◆ **Exercise**:
Restate the listing below word for word; no picture is to be carried over.

◆ **Provided material**:
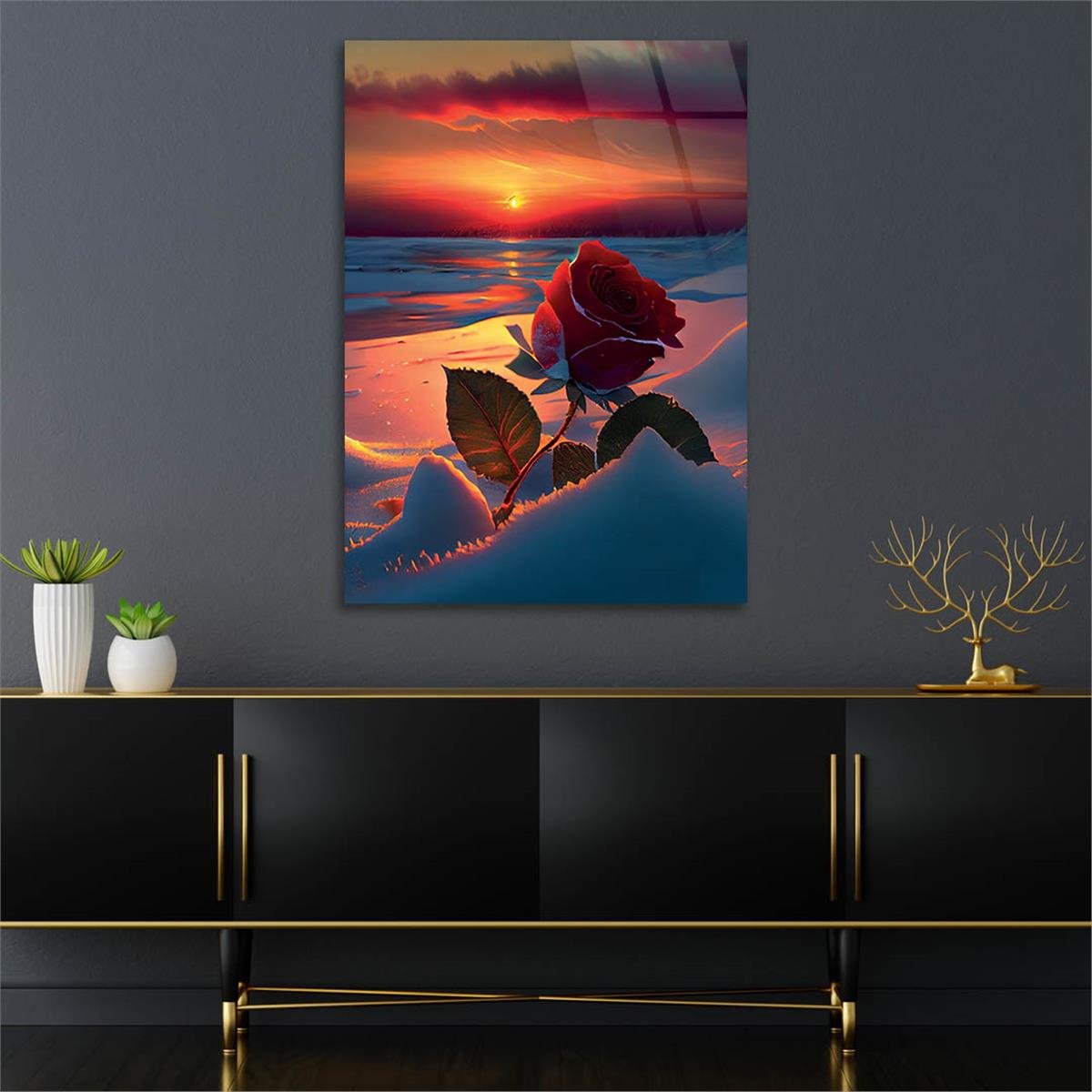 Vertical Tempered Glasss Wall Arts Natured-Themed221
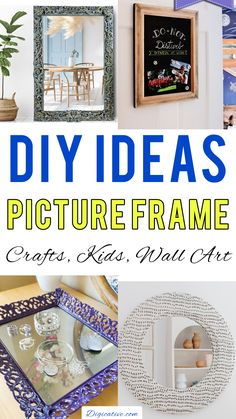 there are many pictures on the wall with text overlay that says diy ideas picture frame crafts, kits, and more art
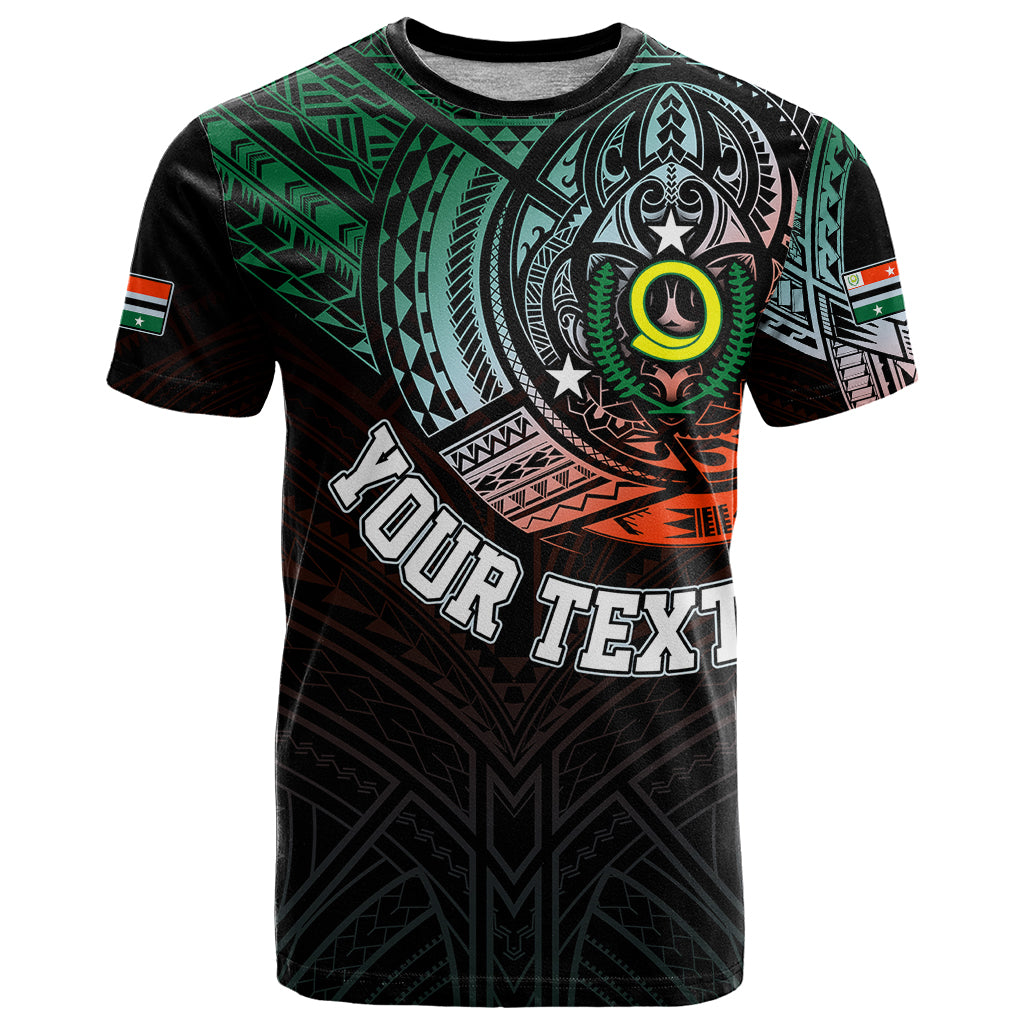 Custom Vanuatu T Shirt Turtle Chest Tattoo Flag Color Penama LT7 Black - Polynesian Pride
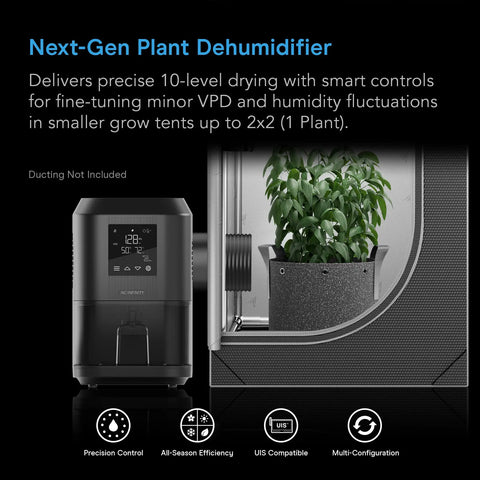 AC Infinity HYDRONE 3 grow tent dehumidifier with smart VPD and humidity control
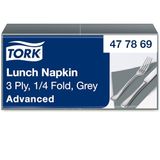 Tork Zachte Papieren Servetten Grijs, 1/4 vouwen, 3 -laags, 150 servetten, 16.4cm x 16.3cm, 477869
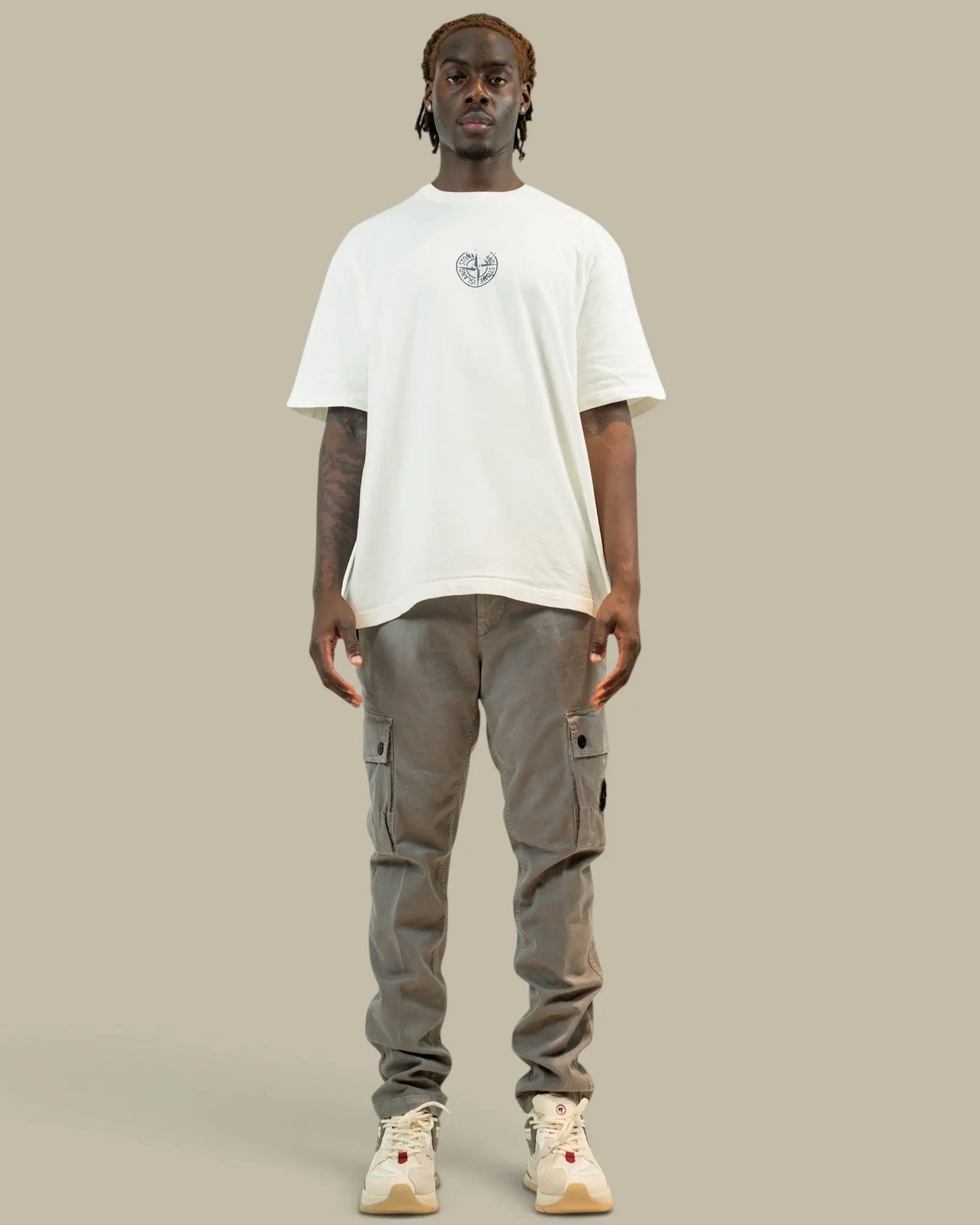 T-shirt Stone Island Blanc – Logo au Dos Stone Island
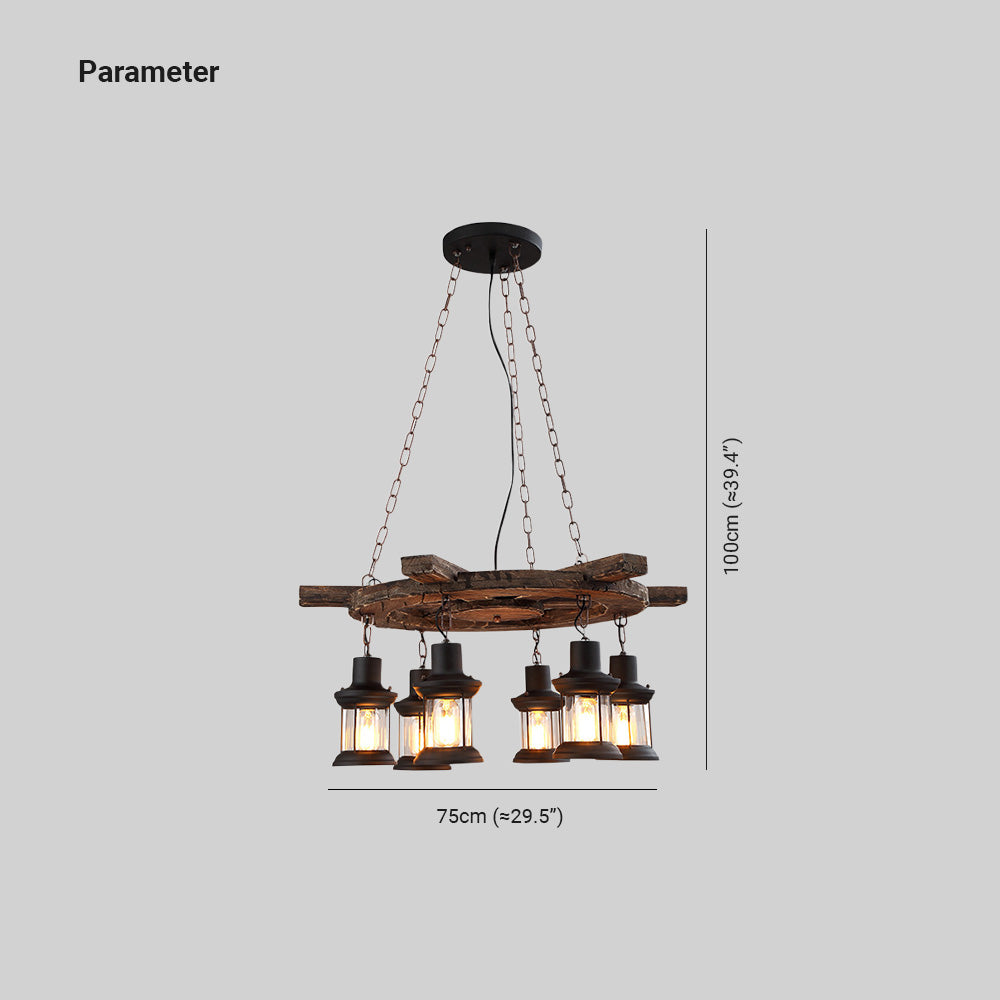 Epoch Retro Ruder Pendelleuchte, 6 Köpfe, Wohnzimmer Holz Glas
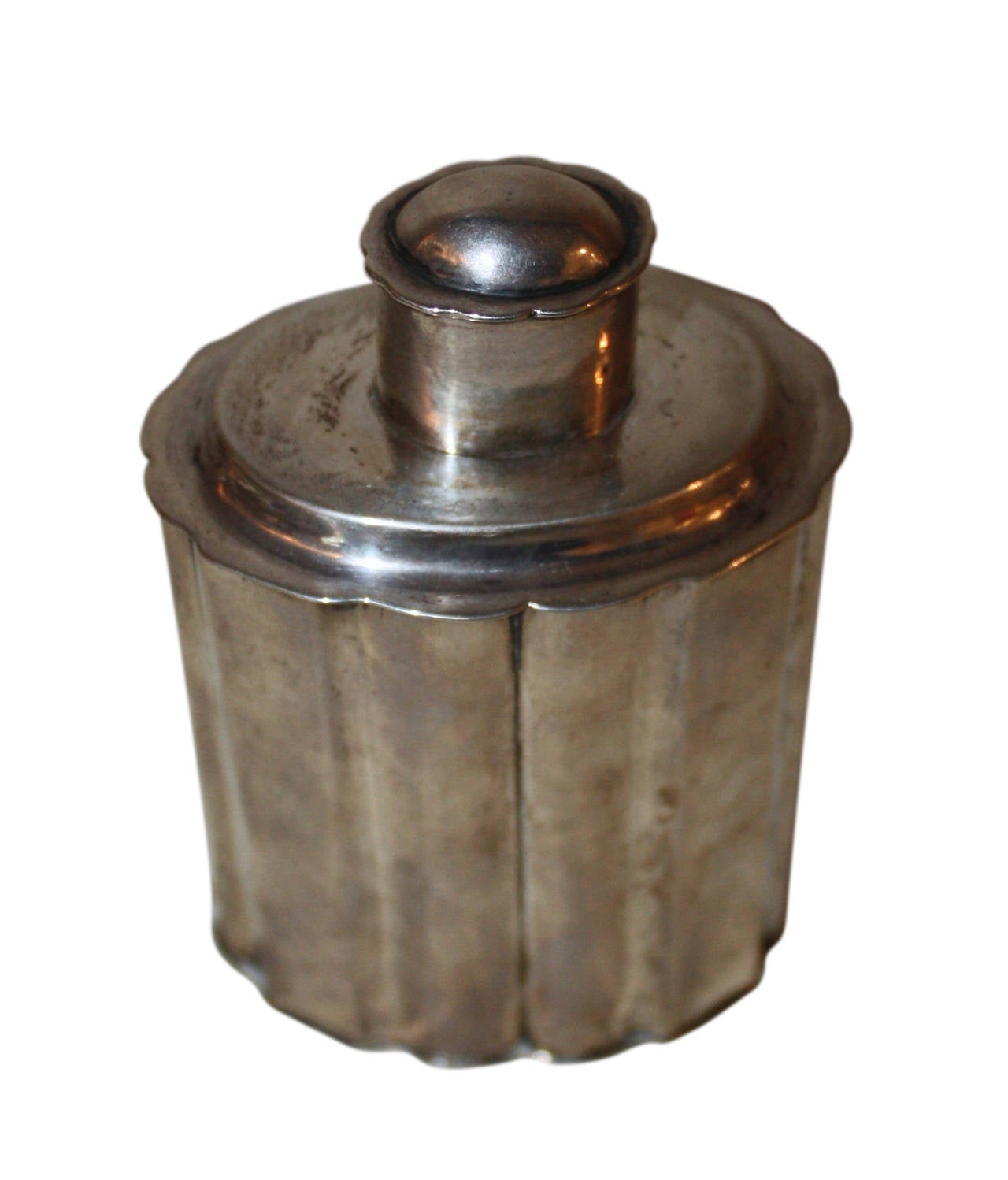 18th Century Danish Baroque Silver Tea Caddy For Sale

◆ **Answer to the exercise**:
 Vertical Tempered Glasss Wall Arts Natured-Themed221
 there are many pictures on the wall with text overlay that says diy ideas picture frame crafts, kits, and more art
 Custom Vanuatu T Shirt Turtle Chest Tattoo Flag Color Penama LT7 Black - Polynesian Pride
 AC Infinity HYDRONE 3 grow tent dehumidifier with smart VPD and humidity control
 Tork Zachte Papieren Servetten Grijs, 1/4 vouwen, 3 -laags, 150 servetten, 16.4cm x 16.3cm, 477869
 T-shirt Stone Island Blanc – Logo au Dos Stone Island
 Epoch Retro Ruder Pendelleuchte, 6 Köpfe, Wohnzimmer Holz Glas
 18th Century Danish Baroque Silver Tea Caddy For Sale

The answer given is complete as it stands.